女子愣了一會兒,隨即閉上雙眼,只是這次嘴角多了淡淡微笑。
她的回應令他的疑問再度加深。冷磊皺起眉頭看著她沉靜的容顏,難不成她還有更高的價碼不成?女人是相當現實的動物,這是他的經驗。
也罷!他冷磊豈有拿不出的籌碼。
他溫柔的撫摸她柔細的肌膚,百般憐香惜玉的親吻著她的頸項。
「你是相當特別的女人,以後你就服侍我一個人就可以了,我不會虧待你的。」他一直注意她的表情。
在她仍閉著的雙眸流露出淺淺的笑容時,他就已經知道,她以後的客人將只有他一個人,他將她買下來了。
第二章
三年後「查得如何?」
被詢問者喪志的搖一搖頭,對於這三年來千為一律的問話,他的回答總是默默搖頭,絲毫抬不起顏面。他看向背對著他遠眺玻璃窗外的人,蹙眉照實回答。
「仍舊毫無進展,我們已經找遍全台灣所有聲色場所,就是沒有冷先生形容的那位女孩。」
怎麼可能?難不成她像泡沫般消失不成。唯一可以證明她存在的證物是如此確鑿地刺痛他手心的肌肉,而人卻始終沒有下落。
她是何方女子?在一夜激情歡愉後,竟消失在他的身邊,沒有隻字片語。要不是清醒後床上的落紅,和遣留枕邊的淡淡香味提醒他昨夜的一切不是場春夢了今天絕對不會為了一名陌生女子找尋了整整三年。
三年了,她究竟身在何方?當初又為什麼不肯據實坦承她的身份?
向來只有他離開女人,沒有任何女人能捨得堂堂冷氏總經理的女人的身份而率性離去,她——是首例。
冷磊緩緩地轉回身子倚著偌大的窗子,背對艷陽的他顯得格外深不可測。陽光灑落在他的側臉。來峻的面容一絲不苟的看著徵信員。
「繼續查下去,直到你們有任何線索為止。」
「我們當然會繼續查,不過我倒認為冷先生可以往那位柯小姐那邊詢問看看,我想她應該知道冷先生要找的女人的藏身處才是。」
他知道對方指的就是當初在酒廓上班女郎柯婉綺,只不過她已經因為他的騷擾更動了許多工作地方,面對那種顧左右而言他的女人他真的沒轍。
「我知道。」冷磊取下眼鏡揉著太陽穴,淡淡回答。
「若沒其他事,那我先回去了。有進一步消息,我會再和冷先生聯絡。」徵信員微欠個身,滿臉歉容地摸摸鼻子離開這令他抬不起頭的冷氏辦公室,待徵信員離開後,冷磊徐徐地抬起左手凝視著掌心中的墜子。
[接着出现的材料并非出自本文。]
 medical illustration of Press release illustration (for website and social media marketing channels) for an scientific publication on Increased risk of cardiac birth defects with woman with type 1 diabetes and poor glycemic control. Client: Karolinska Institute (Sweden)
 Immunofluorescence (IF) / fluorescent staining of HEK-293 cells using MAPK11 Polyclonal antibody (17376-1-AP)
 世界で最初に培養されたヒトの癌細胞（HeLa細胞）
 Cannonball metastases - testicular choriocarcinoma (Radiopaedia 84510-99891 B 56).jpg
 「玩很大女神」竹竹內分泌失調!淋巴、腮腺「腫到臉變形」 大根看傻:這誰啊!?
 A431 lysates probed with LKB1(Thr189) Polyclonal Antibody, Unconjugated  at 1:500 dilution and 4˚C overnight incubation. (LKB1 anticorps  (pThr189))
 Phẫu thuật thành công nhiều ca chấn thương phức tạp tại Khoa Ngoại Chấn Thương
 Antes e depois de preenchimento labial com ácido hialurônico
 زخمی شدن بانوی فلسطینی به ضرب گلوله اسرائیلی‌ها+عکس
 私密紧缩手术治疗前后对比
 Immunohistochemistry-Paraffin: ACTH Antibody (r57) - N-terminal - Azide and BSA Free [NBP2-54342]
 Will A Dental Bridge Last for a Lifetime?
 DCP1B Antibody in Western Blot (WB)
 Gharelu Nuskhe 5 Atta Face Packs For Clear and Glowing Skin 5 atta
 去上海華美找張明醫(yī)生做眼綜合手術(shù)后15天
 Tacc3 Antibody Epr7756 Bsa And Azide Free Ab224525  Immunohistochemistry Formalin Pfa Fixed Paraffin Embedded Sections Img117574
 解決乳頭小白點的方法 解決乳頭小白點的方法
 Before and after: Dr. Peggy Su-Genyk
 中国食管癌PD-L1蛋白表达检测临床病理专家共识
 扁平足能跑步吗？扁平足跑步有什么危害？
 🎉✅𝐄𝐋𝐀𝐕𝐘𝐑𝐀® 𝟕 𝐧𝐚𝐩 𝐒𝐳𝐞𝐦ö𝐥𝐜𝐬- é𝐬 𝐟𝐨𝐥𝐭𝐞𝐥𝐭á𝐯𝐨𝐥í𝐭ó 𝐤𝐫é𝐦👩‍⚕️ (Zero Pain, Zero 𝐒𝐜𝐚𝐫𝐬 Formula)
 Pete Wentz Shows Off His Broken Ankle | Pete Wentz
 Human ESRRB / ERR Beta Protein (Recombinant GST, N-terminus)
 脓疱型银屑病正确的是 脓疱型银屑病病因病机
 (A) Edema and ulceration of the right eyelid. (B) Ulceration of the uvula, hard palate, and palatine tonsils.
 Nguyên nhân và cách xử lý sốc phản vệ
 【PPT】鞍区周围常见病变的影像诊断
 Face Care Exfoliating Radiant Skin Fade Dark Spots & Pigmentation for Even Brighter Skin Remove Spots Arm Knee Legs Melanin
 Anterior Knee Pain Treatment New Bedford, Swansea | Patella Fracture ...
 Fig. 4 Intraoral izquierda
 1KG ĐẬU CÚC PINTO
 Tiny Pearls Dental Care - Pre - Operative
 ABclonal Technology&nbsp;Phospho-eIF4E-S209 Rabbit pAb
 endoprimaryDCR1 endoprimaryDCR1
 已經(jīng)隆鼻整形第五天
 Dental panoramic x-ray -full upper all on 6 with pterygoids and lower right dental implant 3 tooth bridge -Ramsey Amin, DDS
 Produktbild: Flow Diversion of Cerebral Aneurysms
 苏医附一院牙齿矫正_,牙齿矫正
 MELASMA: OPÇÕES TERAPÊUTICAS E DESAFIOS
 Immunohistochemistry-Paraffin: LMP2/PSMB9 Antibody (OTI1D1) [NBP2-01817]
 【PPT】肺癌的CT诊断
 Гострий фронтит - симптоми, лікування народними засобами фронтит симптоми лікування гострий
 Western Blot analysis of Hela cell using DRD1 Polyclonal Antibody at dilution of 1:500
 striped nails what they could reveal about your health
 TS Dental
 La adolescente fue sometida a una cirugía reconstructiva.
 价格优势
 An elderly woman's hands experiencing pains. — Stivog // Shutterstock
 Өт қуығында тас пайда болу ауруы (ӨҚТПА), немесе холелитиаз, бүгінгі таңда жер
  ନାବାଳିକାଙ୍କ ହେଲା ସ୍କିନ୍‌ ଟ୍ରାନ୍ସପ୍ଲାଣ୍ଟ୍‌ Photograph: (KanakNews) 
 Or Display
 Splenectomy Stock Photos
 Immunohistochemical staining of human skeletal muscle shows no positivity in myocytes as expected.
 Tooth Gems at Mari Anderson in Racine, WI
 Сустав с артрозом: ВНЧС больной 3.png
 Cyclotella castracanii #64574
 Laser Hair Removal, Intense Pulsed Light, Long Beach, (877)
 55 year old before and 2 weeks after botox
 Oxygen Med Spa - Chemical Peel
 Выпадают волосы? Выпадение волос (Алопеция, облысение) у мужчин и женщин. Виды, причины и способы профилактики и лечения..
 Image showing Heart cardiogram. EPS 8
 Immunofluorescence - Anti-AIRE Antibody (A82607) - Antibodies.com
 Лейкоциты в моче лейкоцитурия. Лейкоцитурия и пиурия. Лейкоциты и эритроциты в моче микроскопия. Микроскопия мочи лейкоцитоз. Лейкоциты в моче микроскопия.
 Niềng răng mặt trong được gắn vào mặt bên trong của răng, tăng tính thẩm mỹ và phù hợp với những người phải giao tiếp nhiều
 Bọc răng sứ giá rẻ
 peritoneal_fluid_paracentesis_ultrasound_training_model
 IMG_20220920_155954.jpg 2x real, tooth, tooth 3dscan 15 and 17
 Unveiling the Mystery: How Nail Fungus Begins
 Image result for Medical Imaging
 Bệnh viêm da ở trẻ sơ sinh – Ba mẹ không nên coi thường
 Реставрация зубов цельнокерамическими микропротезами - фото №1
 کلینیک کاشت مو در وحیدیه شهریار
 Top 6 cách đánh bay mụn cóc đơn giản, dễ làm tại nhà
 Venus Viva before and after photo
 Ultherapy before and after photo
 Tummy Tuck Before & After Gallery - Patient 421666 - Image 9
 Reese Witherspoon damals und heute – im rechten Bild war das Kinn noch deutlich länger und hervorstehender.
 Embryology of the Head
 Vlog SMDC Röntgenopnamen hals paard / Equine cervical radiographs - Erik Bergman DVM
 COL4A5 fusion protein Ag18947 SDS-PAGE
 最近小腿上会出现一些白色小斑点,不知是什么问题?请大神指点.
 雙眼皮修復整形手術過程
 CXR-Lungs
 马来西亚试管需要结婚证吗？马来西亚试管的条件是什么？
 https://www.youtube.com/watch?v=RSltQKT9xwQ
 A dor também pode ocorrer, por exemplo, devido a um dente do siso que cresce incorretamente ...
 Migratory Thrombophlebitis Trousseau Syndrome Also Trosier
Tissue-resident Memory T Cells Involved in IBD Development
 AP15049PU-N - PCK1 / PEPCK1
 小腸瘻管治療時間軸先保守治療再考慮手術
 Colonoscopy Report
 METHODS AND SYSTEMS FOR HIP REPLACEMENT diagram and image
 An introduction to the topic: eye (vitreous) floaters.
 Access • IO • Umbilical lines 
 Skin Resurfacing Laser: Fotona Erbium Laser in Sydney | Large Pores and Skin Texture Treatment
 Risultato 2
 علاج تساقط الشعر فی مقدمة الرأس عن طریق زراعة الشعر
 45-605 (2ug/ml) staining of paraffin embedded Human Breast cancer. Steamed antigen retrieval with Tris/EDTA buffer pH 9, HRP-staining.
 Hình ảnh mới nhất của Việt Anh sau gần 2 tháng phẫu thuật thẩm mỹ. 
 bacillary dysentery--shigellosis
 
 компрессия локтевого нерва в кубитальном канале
這是一隻手工雕刻的玉墜,外形顯得樸素,有點似老一輩所遺留的傳承之物。他偏頭猜想,這玉墜肯定是不小心從鏈子中脫落而未查覺,要不然她不可能在沒有任何音訊的情況下,獨留這麼一隻看似意義非凡的玉墜。
回想那夜她肌香膚嫩的觸感,她的熱情,她的回應,是這麼深刻的印在他腦海,那深刻的悸動是他永遠不會忘記的。
其實他自己也不曉得為什麼那麼執意要找到她,是想找到她證實那一夜的真實呢?還是心中已經有個揮之不去的情景?也許兩者都有吧!
低頭沉思著,突然被桌上的對講機打斷了思緒。
「冷總,老夫人來了。」
冷磊微蹙澹眉,她來做什麼?敢情又是為了昨天那檔未達成協議的事情。雖然心中百般不悅,不過他仍是微微傾身向前按了對講機道:「請她進來吧。」
自從三年前從英國回台接管氏後,他便和母親成了對立的姿態。他瞭解母親對利益錢財的貪婪,所以就連兒子的婚姻大事關係財產之事,說什麼她也要插手。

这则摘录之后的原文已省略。